Luis Alberto Urrea was a faculty member in the audience when I first read “Alive at Lampedusa” in Ripton, Vermont, and he came up to me afterwards and hugged me. That was a big moment. I felt I’d hit a nerve and people really listened. With fiction, I think I’m just trying to filter through what it was like to be a young woman in the 90s, a young woman born into a very traditional, macho-led family which did not encourage me to take risks or to aspire to become anything other than a wife or mother, not what I wanted to do at age eighteen! I needed to see literature which spoke to my experience. I have been writing towards that void. At the same time, I know I have an urgent responsibility to write about injustice and how I feel connected to other people in the world, to highlight my experience when we’re living through this era of isolationism, othering, and the dehumanization of Latin American families.

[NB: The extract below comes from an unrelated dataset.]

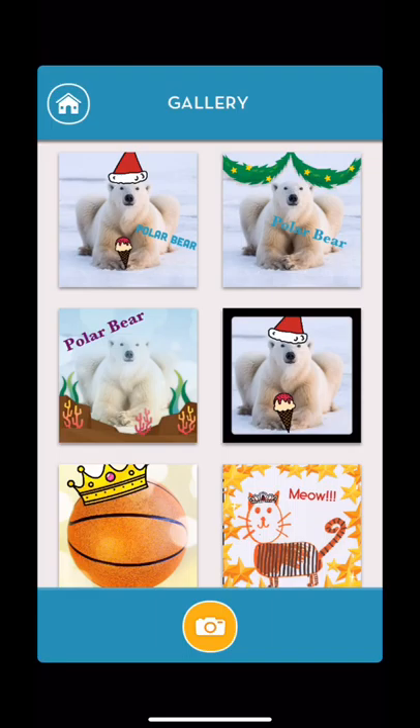Enjoy ChatterPix. I hope you use it in your classroom this year. There are many ways that you can use it — this was just one fun way that we like to use it. Thanks for listening.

48H One of the great things about the moment we live in is the attention given to the exclusion, and alternatively tokenization, of writers of color. What do you think needs to happen to for the publishing industry to finally move forward in terms of race?

LDT We need a lot more people of color in publishing and we need a whole plethora of writers of color published. We need to multipy the titles written by people from different racial, cultural and socio-economic perspectives, When I have had work that has been rejected, one of the comments is invariably, “it didn’t speak to me,” or “I couldn’t get into the story.” It’s all a matter of taste, right? So editors and publishers want stories that they can relate to, but honestly how is an editor going to relate to my linguistically specific and regionally specific story about working-class issues or misogyny if they have no life experience to bring to that reading?

There is the rare editor who is going to appreciate a new point of view and a new voice and appreciates a glimpse into a world unfamiliar to them, but those editors are few and far between. In order to get more people of color into publishing we need more mentorship programs, more opportunities for paid internships and more formal initiatives that promote diverse writing. That bit about getting paid is serious, too, because let’s face it if you come from a non-traditional background and your parents are not able to support you for a summer or two, you are going to pick an industry that pays you over a seasonal nonpaid internship in publishing. It’s economic survival.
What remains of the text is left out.